Critérios de inclusão e exclusão

Foram entrevistados os sujeitos que se autodefiniram claramente como homossexuais (ou heterossexuais no grupo contraste), condição essa confirmada mediante as entrevistas realizadas por intermédio do inventário de identidade psicossocial. Os sujeitos eram pertencentes à faixa etária da quinta década de vida em diante e aceitaram de livre escolha serem entrevistados.

Não foram entrevistados sujeitos que apresentassem déficit cognitivo, quadro demencial ou retardo mental, ou dúvidas significativas em relação à sua orientação sexual.

Captação dos sujeitos

Foi utilizado o sistema de "bola de neve", ou seja, foi pedido aos sujeitos entrevistados que indicassem outros sujeitos de seu meio sociocultural.
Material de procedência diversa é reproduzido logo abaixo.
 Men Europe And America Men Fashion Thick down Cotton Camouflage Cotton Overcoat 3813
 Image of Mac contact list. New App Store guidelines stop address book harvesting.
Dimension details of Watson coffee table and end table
Trata-se de método não randômico, portanto sujeito a vieses de seleção de indivíduos mais dispostos a participar de uma pesquisa.

Amostra

Entre janeiro de 2007 a junho de 2008, foram entrevistados 40 sujeitos (n = 40) de orientação homossexual, 20 do gênero feminino e 20 do gênero masculino, e 40 sujeitos com orientação heterossexual pareados por idade, gênero, nível de escolaridade e classe social. Os sujeitos deveriam ter pelo menos 50 anos de idade. Todas as entrevistas foram realizadas uma a uma pelo primeiro autor (ATC) da pesquisa.

Instrumentos

Os instrumentos quantitativos padronizados aplicados foram WHOQOL-bref para qualidade de vida e o MINI International Neuropsychiatric Interview (MINI Plus 5.0.0) para saúde mental. Este instrumento consiste em uma entrevista diagnóstica estruturada que investiga os transtornos mentais do eixo I do DSM-IV-R e da CID-10.
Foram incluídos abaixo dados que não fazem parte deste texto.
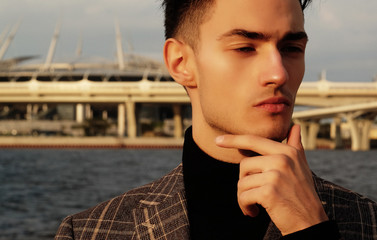 Fototapeta premium close-up handsome man portrait 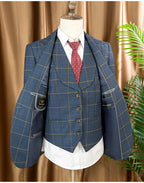 High Quality 3 Piece Checkered Suit Set Dark Blue Stylish Business Office Wedding Formal Outfit Elegant Full Man Dinner Suit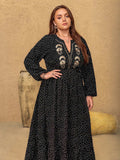 Plus Size Embroidered Polka Dot Notched Long Sleeve Dress - Trendsi - Flyclothing LLC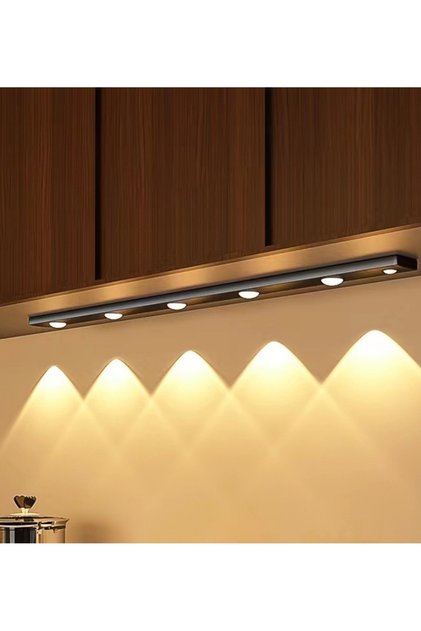 EY60 Dim ve 3 Renk Ayarlı Şarjlı Hareket Sensörlü 60cm Led Işık Tezgah-Koridor-Ev-Kamp-Merdiven Ledi Siyah Kasa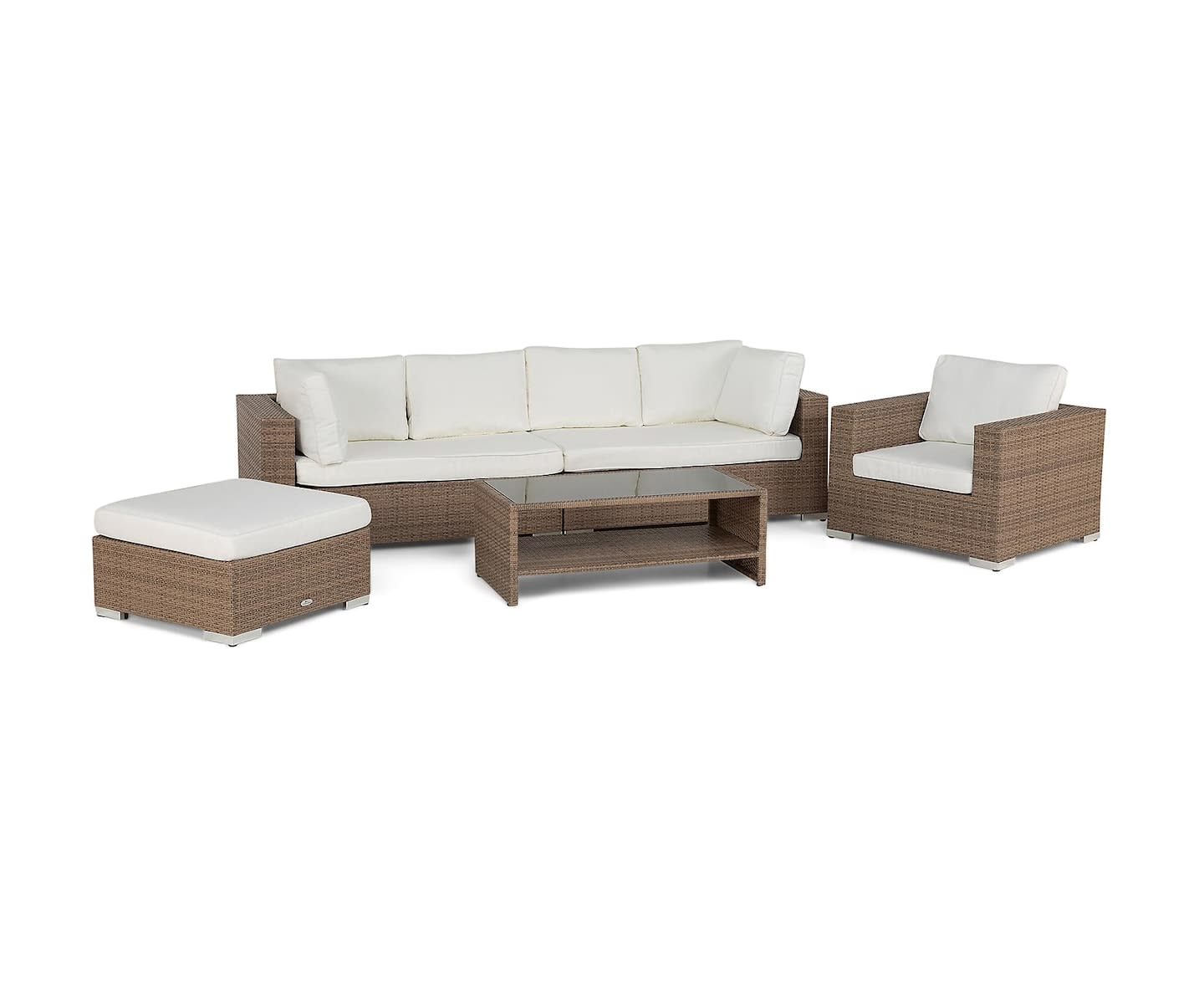 Nordic Outdoor Bora 6-sits Loungegrupp inkl Divan/Bord m Förvaring Sand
A metodologia qualitativa utilizou-se de entrevistas semiestruturadas, com um inventário de identidade psicossocial com questões apenas para os sujeitos homossexuais. Somente as questões desse inventário relacionadas ao processo de envelhecimento foram utilizadas também nas entrevistas com os heterossexuais.

Procedimentos

As respostas obtidas pelos instrumentos quantitativos geraram dados estatísticos categoriais e contínuos, os quais foram analisados utilizando-se os testes estatísticos de McNemar, Wilcoxon, Qui-quadrado, Fisher e Mann-Whitney. O nível de significância considerado foi de p < 0,05.

Análise dos dados

Na análise dos dados qualitativos, foram utilizados métodos de interpretação mediante a técnica de análise temática de conteúdo de acordo com Minayo7.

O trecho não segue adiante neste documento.